Le même jour à Islamabad, une manifestation de
quelques milliers, constituée pour une bonne part
d’étudiants, est l’occasion du
caillassage d’un bâtiment diplomatique indien ainsi
que d’une banque. Sa dispersion précoce
entraîne des affrontements et une centaine
d’arrestations. Comparé à celui de
Lahore, l’événement reste mineur.
D’après certains commentateurs, dont des
responsables étatiques, l’émeute de
Peshawar, le lendemain, est directement provoquée par la
relation des événements de Lahore dans
l’information. Le nombre de manifestants est
multiplié par dix par rapport à la
journée du 13, ils seraient entre 40 000 et 70 000
à envahir les rues de cette ville du Nord-Ouest,
à l’appel du même type
d’association qu’à Lahore. De la
même façon que dans la ville de l’Est,
la grève, soutenue par les organisations de
commerçants et de transporteurs, paraît
très suivie. Et là aussi, le
défilé ne reste pas calme longtemps.
D’après le président de
l’organisation centrale des commerçants, les tirs
de lacrymos des flics seraient les déclencheurs de
l’embrasement lorsque le premier accès de panique
laisse la place à un mouvement de colère.

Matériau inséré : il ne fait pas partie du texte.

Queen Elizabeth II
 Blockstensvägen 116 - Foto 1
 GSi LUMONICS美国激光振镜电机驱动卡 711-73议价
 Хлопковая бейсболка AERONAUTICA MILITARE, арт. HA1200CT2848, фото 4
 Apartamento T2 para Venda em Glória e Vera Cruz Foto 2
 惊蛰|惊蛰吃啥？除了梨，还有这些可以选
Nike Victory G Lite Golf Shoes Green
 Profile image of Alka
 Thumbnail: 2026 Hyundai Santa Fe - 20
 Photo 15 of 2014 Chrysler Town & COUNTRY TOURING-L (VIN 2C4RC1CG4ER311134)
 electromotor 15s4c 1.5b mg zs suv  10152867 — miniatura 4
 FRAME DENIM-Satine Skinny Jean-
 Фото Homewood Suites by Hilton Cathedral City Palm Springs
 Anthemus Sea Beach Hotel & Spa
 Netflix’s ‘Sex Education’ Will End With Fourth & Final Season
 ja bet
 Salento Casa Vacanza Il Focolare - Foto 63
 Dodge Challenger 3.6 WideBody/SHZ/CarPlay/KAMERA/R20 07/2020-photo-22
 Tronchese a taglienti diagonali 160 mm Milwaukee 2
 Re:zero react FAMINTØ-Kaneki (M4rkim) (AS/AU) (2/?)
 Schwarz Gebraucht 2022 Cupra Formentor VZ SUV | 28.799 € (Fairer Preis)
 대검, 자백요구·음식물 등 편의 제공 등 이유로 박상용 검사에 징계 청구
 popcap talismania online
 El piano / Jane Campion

Vitrines, panneaux, feux de circulation, câbles de
téléphone, tout ce qui dépasse est
arraché, piétiné, brisé. Du
mobilier urbain on passe aux entreprises « nationales et
multinationales » dont les saccages sont
accompagnés de pillages. Les milliers
d’émeutiers se répandent dans la ville,
s’attaquant à divers édifices : la gare
routière est pillée puis incendiée
avec les bus qu’elle contient, plusieurs bureaux de la
société téléphonique
norvégienne télénor sont
détruits ; des commerces, un fast-food, des
cinémas, une banque subissent le même sort. Une
station service flambe, le pipeline qui approvisionne la ville en gaz
est « endommagé ». Flics et militaires
semblent plus nombreux et plus actifs qu’à Lahore.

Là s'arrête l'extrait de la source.